Pray the Devil Back to Hell
There is a lot of talk these days about change. But change doesn't happen just by talking about it. It happens when people join hands and mobilize to actually get things done. There are inspiring tales of this sort of change happening every day, across the world, but how many of them do we ever actually hear about? Thank goodness for unassuming little documentaries like Pray the Devil Back to Hell, which tell us not only that change can happen in the world, but how it can be done.
Produced by Abigail Disney and directed by Gini Reticker, Pray the Devil Back to Hell recently won the Best Documentary Award at the Heartland Film Festival. It's a quick, 72-minute glimpse inside the nation of Liberia—a country with American roots (it was a colony settled by ex-slaves from America) that is all but invisible to the average American today. It's a country that has a complicated 160-year history and has suffered through two civil wars over the last 20 years. For most movie audiences, Liberia is an exotic place they've heard mentioned on the occasional NPR brief, but otherwise know nothing about. Pray the Devil Back to Hell goes some way toward changing this.
For such a short film, Pray manages to provide a relatively comprehensible lesson in recent Liberian history. The narration by Leymah Gbowee is well written and concise, telling us of the troubles that have raged in the country at the hands of president Charles Taylor (later convicted of war crimes) and the bloody warlords who control the countryside and seek to overthrow and take over the government. In 2003, a large coalition of Liberian women banded together to put their collective foot down against the violence, staging sit-ins and human barricades to force the dueling factions to come up with a peaceful resolution. Their courage, conviction, and quiet confidence worked—and faith was arguably the biggest part of their story.

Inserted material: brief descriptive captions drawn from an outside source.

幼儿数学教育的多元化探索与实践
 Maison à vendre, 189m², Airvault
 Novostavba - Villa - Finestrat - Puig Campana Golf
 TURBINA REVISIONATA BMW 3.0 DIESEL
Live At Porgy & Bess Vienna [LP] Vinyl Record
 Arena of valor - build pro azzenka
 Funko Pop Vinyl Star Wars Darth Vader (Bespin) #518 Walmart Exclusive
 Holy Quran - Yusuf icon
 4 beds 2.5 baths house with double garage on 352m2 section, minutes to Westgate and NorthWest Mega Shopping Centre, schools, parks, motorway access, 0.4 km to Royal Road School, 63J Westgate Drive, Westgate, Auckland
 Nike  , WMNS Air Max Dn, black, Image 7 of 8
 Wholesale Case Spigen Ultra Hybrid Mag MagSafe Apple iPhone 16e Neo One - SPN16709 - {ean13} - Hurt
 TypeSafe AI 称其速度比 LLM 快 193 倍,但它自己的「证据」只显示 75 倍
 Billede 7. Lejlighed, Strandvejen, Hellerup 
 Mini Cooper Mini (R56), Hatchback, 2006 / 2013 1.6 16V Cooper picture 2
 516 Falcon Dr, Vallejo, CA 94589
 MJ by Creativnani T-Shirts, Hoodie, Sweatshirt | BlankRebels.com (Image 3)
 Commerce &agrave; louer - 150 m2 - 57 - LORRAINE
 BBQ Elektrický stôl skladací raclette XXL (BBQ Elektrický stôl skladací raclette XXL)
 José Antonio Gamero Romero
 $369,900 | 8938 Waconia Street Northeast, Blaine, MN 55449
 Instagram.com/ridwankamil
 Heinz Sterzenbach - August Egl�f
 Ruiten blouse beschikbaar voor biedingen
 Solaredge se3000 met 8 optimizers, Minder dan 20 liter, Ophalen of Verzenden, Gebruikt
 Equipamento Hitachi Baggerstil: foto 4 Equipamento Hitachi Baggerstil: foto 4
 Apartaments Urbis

"I had a dream," Gbowee says, looking at the camera, "that someone actually telling me to get the women of the church together to pray for peace." She soon formed the Christian Women's Peace Initiative, which eventually numbered well into the thousands, joining their forces for the pursuit of peace—and all along, with much prayer and fasting.
As for the film's title, that's a reference to President Taylor's penchant for "preaching" in area churches, saying that his leadership came from "Jehovah God Almighty"—all while he's ordering terror and atrocities upon his own people. Gbowee narrates: "Taylor would pray the Devil out of hell. And we said of this man who is so 'religious,' we need to get to that thing he holds firmly to. So if the women started pressuring the pastors and the bishops, the pastors and bishops would pressure the leaders [of the warring factions, who were meeting in churches]."
Another way the women "encouraged" the men to be more active in pursuing peace: They staged a "sex strike," denying their men intimate relations until they were playing an active role in the peace process.